3d 329 (6th Cir. 1993). Earley, Jolley, supra.
PANDO & YOCUM
has sufficiently demonstrated the absence of evidence
to support the Plaintiff’s case. Ali v. City
of Clearwater, 915 F.Supp. 1231 (M.D. Fla. 1996).
Summary Judgment must be granted unless the Plaintiff
can produce "...significant, probative evidence demonstrating
the existence of a triable issue of fact...and designate
specific facts..." Id. at 1237. "If there is
a complete failure of proof in an essential element
[of a claim], there is no longer a genuine issue of
material fact." (Citations omitted.) Tidmore Oil
Co. v. BP Oil Co., 932 F. 2d 1384, 1388 (11th Cir.
1991). See also Earley at 1080.
Generalized
testimony by an employee regarding his subjective
belief that his discharge was the result of...discrimination
is insufficient to make an issue for the jury
in the face of proof showing an adequate, nondiscriminatory
reason for his discharge.
Jenson,
supra. The Plaintiff
has discerned no evidence to support her claim of "direct
evidence of discrimination" or "disparate treatment" which
therefore mandates judgment in the favor of PANDO & YOCUM.

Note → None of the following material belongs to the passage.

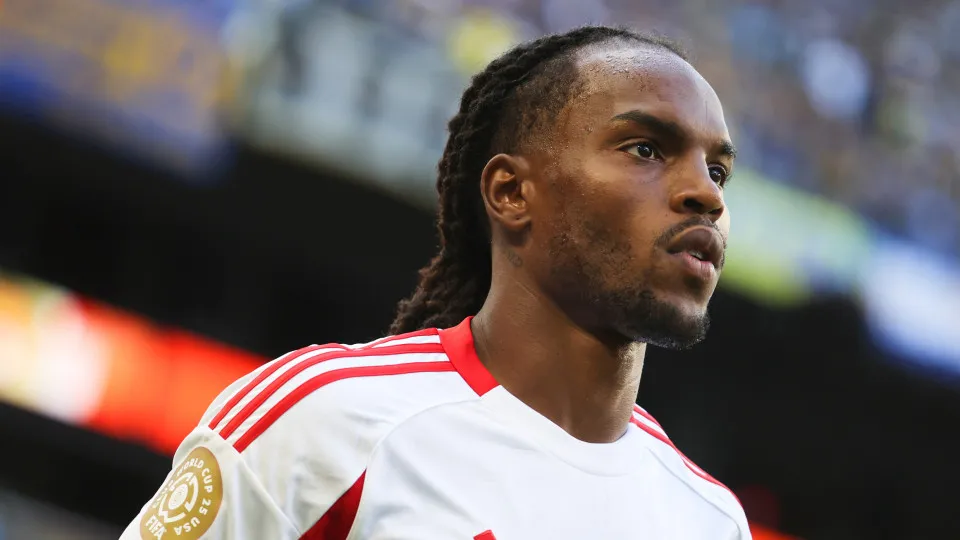 MIAMI GARDENS, FLORIDA - JUNE 16: Renato Sanches #85 of SL Benfica looks on during the FIFA Club World Cup 2025 group C match between CA Boca Juniors and SL Benfica at Hard Rock Stadium on June 16, 2025 in Miami Gardens, Florida. (Photo by Leonardo Fernan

Likewise, Plaintiff has no evidence to overcome the
legitimate reason for discharge and the Statute of
Limitations bar.
WHEREFORE, PANDO & YOCUM
request this Court enter its Order granting summary
judgment as set forth above. In the event the Court
grants this Motion, counsel for PANDO & YOCUM will
file a motion for fees and costs with the appropriate
affidavits.
__________________________________
Marc P. Ossinsky, Esquire FBN: 438588
Marc P. Ossinsky, P.A.
210 N. Wymore Road
Winter Park, Florida 32789
Phone: 407/629-2484 Fax: 629-4429
Attorney for Defendant PANDO & YOCUM, P.A.